Etrüskler’in ateş tanrısı ise Sethlans idi. Bazı yerlerde Grekler’in Hermes’ine benzer bir tanrı olan , tüccarların koruyucusu , ölülere yol gösteren Turms’a benzer bir tapımı vardı. Bir başka ateş tanrısı ise Romalılar’ın Vulcanus’una benzeyen Velchans idi. Velchans daha korkulan bir tanrı idi.

Etrüskler’in savaş tanrısı ise yıldırım atan tanrılardan Maris idi.Ares’in hikayesi Etruria’da yayıldıktan sonra Maris Turan’ın aşığı oldu .Turan Roma’nın Venus’üne benzeyen aşk tanrıçası idi. Etimolojik olarak Grekçe turannoV (tiran, kral , kraliçe anlamında ) ile aynı kökten geldiği düşünülmektedir. Gösterimleri Afrodit’e benzemektedir.

Grekler’in Apollon ve Artemis’i ise Etrüsk panteonunda Aplu , Apulu , Aplum , Artemes , Aritimi , Artumi , Artimnes adları ile bulunmaktadır.

Diğer tanrılar arasında Saturnus’a eşdeğer Satre de vardı. Satre için yapılan vahşice kurban törenleri tapımının en belirgin özelliği idi.

Dikkat çeken Etrüsk adetlerinden biri de , Titus Livius’un yazdığına göre , Etrüskler’in her geçen sene için Nortia tapınağına bir çivi çakmaları idi. Bu adet daha sonra Romalılar’a da geçmiştir. Roma’da da her sene Eylül ayında praetor maximus Capitol Jupiter’inin bölmesinin duvarına çivi çakardı.

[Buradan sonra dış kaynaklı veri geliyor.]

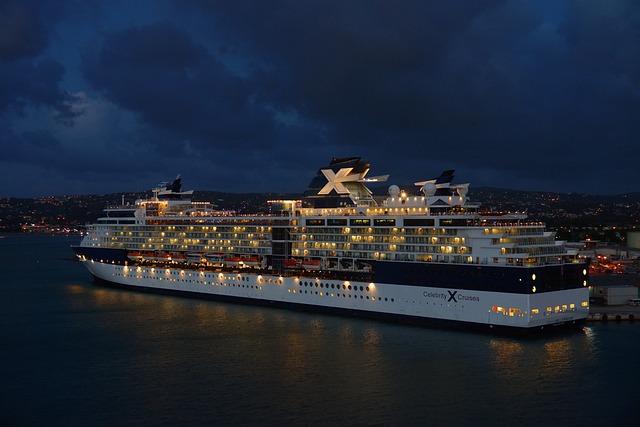 cruise dinner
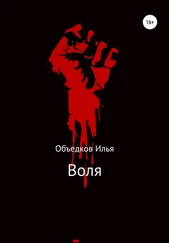 Илья Объедков - Воля
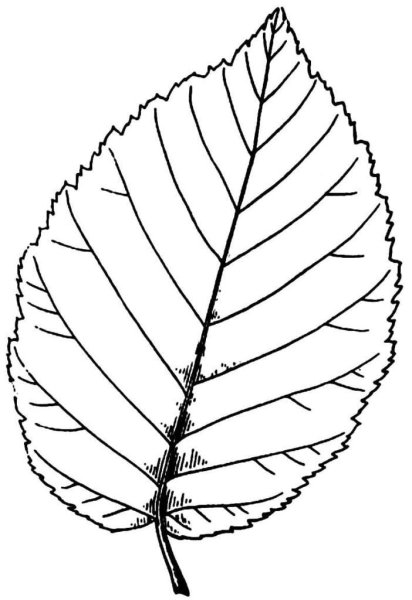 Лист березы для детей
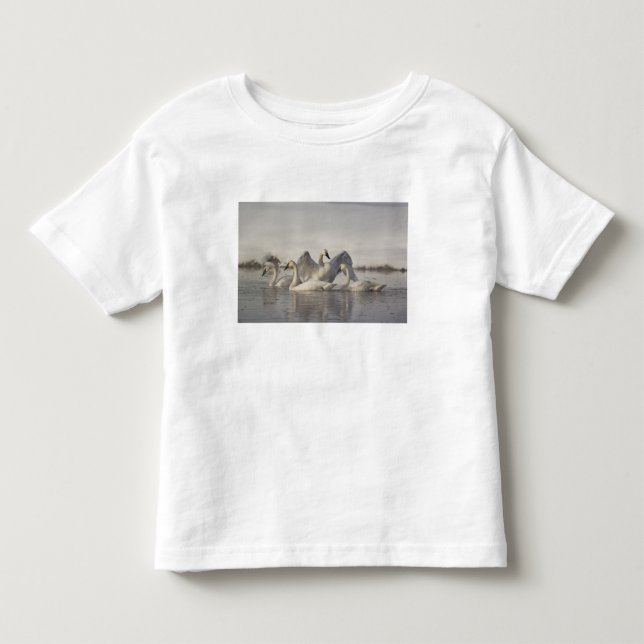 Camiseta Infantil Cisnes Trombeteiros no rio Madison no inverno (Frente)
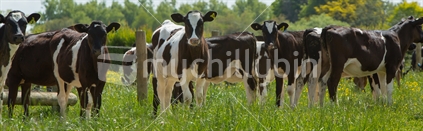 A group of Friesian calves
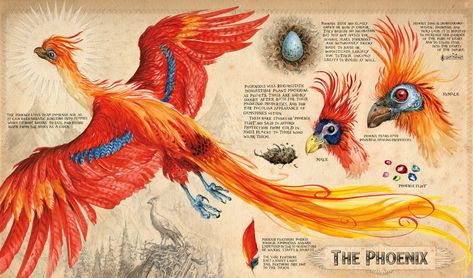 The phoenix is a large swan-sized scarlet bird with red and gold plumage, along with a golden beak and talons, black eyes, and a tail as… Harry Potter Creatures, Phoenix Harry Potter, Harry Potter Dumbledore, Film Harry Potter, Phoenix Artwork, Art Harry Potter, The Chamber Of Secrets, Harry Potter Illustrations, Theme Harry Potter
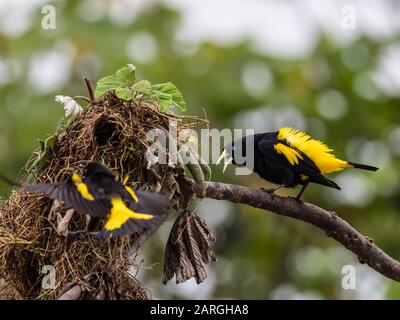 Erwachsene gelbe Kakiken (Cacicus cela), am Nestgelände in Belluda Cano, Amazonasbecken, Loreto, Peru, Südamerika Stockfoto
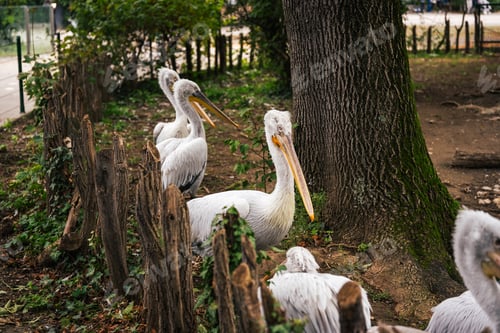 Preview: Pelicans rest gracefully in a pond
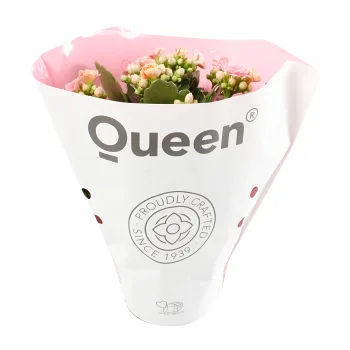 Kalanchoe dubbelblommande 10,5cm kruka Höjd 26cm rosa.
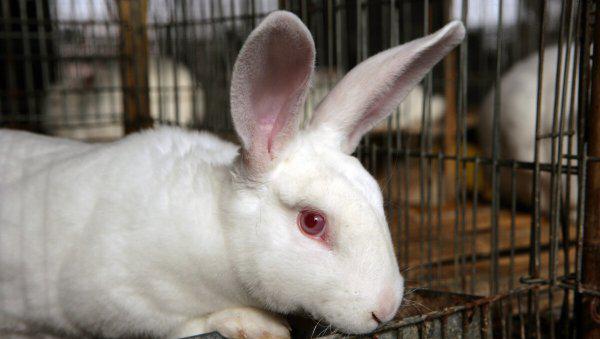 适合3万以下的养殖项目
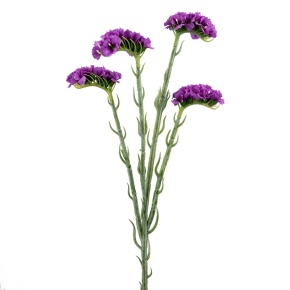 Статица, 64см, сиреневый в интернет-магазине флористических аксессуаров Азалия Декор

Etrüsk inançlarında yarı tanrılar ve doğa ruhları da önemli bir yer tutardı. Aynalarda ve bronz tabletlerde Turan’a eşlik eden çıplak perilere rastlanmıştır. Lases adı verilen bu perilerin bazen Tinia ve Minerva’ya da eşlik ettikleri de görülmüştür.

Etrüskler’in öteki dünya hakkında da inançlar geliştirmişlerdir. Sanat eserlerinin büyük bir bölümü öteki dünya kültünün bir parçası olarak oluşturulmuştur. Elimizde yazılı metinler olmasa da ölülerle beraber konulan eşyalardan , yapılan resimlerden , kabartmalardan öteki dünya inançları hakkında bir fikir sahibi olabiliyoruz. Etrüsk inançlarına göre ölen kişinin ruhu kanatlı cinler tarafından öteli dünyaya götürülürdü. Bu tema bir çok mezar odasındaki resimlerde işlenmiştir. Burada oyunlar oynanıp ziyafetler veriliyordu. Burada Etrüskler’e özgü bir çok cin vardı. ( Bazen kader kitabını açan Culsu ve Vanth gibi.) MÖ dördüncü yüzyıldan itibaren ise bu resimlerde öteki dünyanın efendileri de gösterilmeye başlanmıştır. Bunlar Greklerden alınan Eita ( Hades ) ve Phersipnai ( Persefone ) dir. Bu yüzyıldan itibaren öteki dünyanın tasvirleri de değişmeye başlamıştır. Burası artık eziyet çekilen korkunç bir yer olmaya başlar. Charus ve Tuchulcha adında iki korkunç cin de tasvirlerde yer alır. Etrüsk Krallığı çökmeye yaklaştıkça tasvirler daha da korkunçlaşır.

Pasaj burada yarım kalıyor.